MobileRead Forums - View Single Post

cerement · 04-26-2008, 04:34 AM

-- First, grab the text file for your book of choice from Project Gutenberg
If an HTML version is available (and you can live with the formatting), grab that and save yourself some hassle

-- Open the file up in the text editor of your choice
After trying out several, I've become comfortable with Emeditor Free, but it really is just personal choice. Just make sure that it supports regular expressions. This will save you no end of hassle (I'm also going to use a lot of regex notation further down)

-- Plan for a nice long session of searching and replacing
Before you begin, get to know your text (and more importantly, the idiosyncrasies of the transcriber who prepped it for PG - did they use underlines or asterisks or something else for italics, did they create a funky system to indicate accented characters?) Is the book verse or prose (or worse, a mix)? If you're lucky, Google Books has the scanned copy so you can get a visual idea of how the book looked.

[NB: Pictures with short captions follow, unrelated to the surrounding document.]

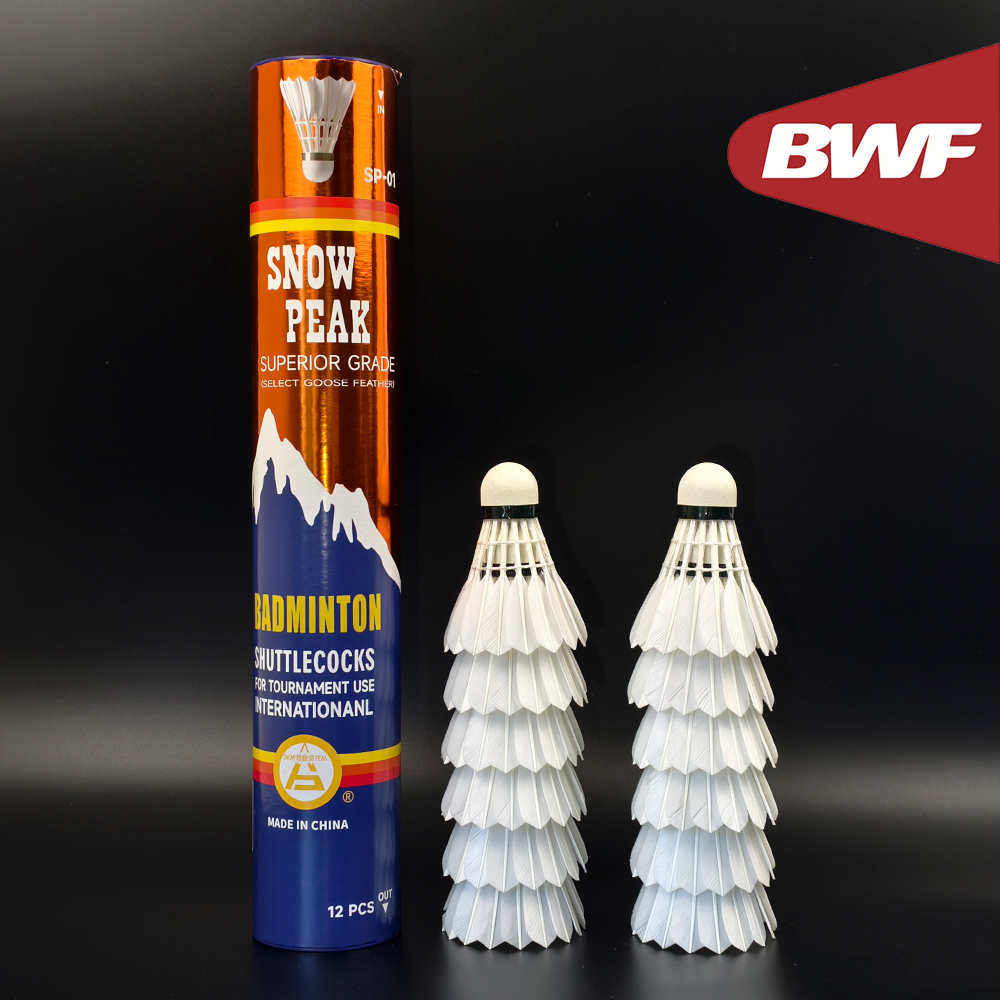 SP-01 Professional Tournament  - Badminton Bwf recension och pris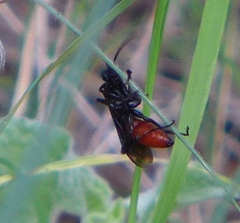 Priocnemis oregona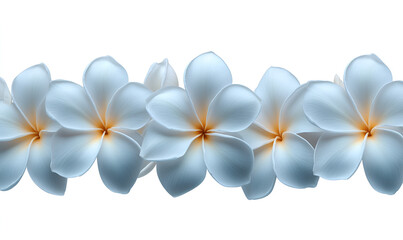 A beautiful horizontal border of delicate light blue plumeria flowers with yellow centers isolated on a white background.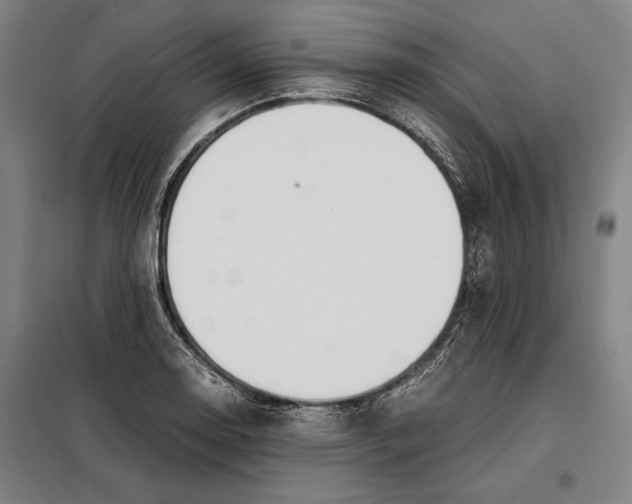 X0000097901130200804041431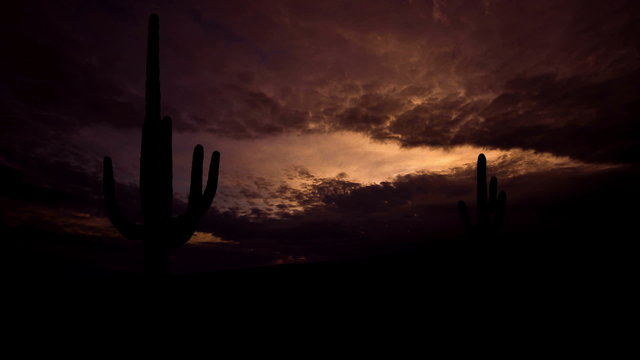 Arizona Saguaro dusk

Decide what you want to do with the Gutenberg boilerplate (if you can figure out how to work this thing into your layout, then you're a better man than I am)
Remove double spaces, spaces at the beginning of lines, spaces at the end of lines. (Double spaces were a leftover artifact of typewriters.)
Remove excess blank lines, convert everything into paragraphs (markup will come later). Simplest way is 3 steps: search and replace double returns \n\n with something uncommon like @@@@@, search and replace single returns \n with a space, then search and replace your marker @@@@@ with double returns \n\n
Escape out three special characters: & to & < to < > to > (replace the ampersand first!)
Encode emdashes — endashes – and ellipses … ... watch out for special construct in older texts that try to refer to someone anonymously by the first letter of their name: H---- (initial plus two emdashes))
Encode any other special characters and accented characters (search for [\xA0-\xFF] initially to find them) (and while you're at it, make sure that there are no characters in the ranges [\x00-\x1F] and [\x7F-\x9F] (these are invalid ranges in Latin-1 character set))
Now the hardest part: converting all the " and ' marks to curly quotes! There's a LOT of special cases that have to be caught before the primary conversion. A few of the special cases include measurements 5'10", abbreviated years '78, "'nested' quotes", and 'British' vs. "American" quotes (it it's British quotes, some of the steps below will have to be reversed)
1. Number followed by quote \d', \d" (figure out someway to mask it for later)
2. Opening nested quotes "' “‘
3. Whitespace single quote number \s'\d to ’
4. Whitespace single quote \s' to ‘
5. Line beginning single quote ^' to ‘
6. Leftover single quotes to ’
7. Whitespace double quote \s" to “
8. Line beginning double quote to “
9. Leftover double quotes to &rdquo;
Search for double returns and add in paragraph marks <p>
Add in the HTML header and footer
Markup your italics <em>, bold <strong>, supercript <sup>, and subscript <sub>
Go back and look for items with special line breaks, indents, and blockquotes - if you don't want a paragraph to indent, add class="noind" to your <p> mark and addin the line p.noind {text-indent:0} to your style section - space above a line can be adjusted by adding in a height tag, ex. <h4 height="2em">
Mark up headings and chapter heads <h1> to <h6>
Link the table of contents to chapters, mark the table of contents with <a name="toc">
Mark your starting page with <a name="start">
Prep and link in any images (restrict image sizes to 600 pixels wide by 800 pixels tall)
If chapters are decent length, they can be separated by pagebreaks using <mbpagebreak /> tag (that's mbp <colon> pagebreak ... stupid smiley)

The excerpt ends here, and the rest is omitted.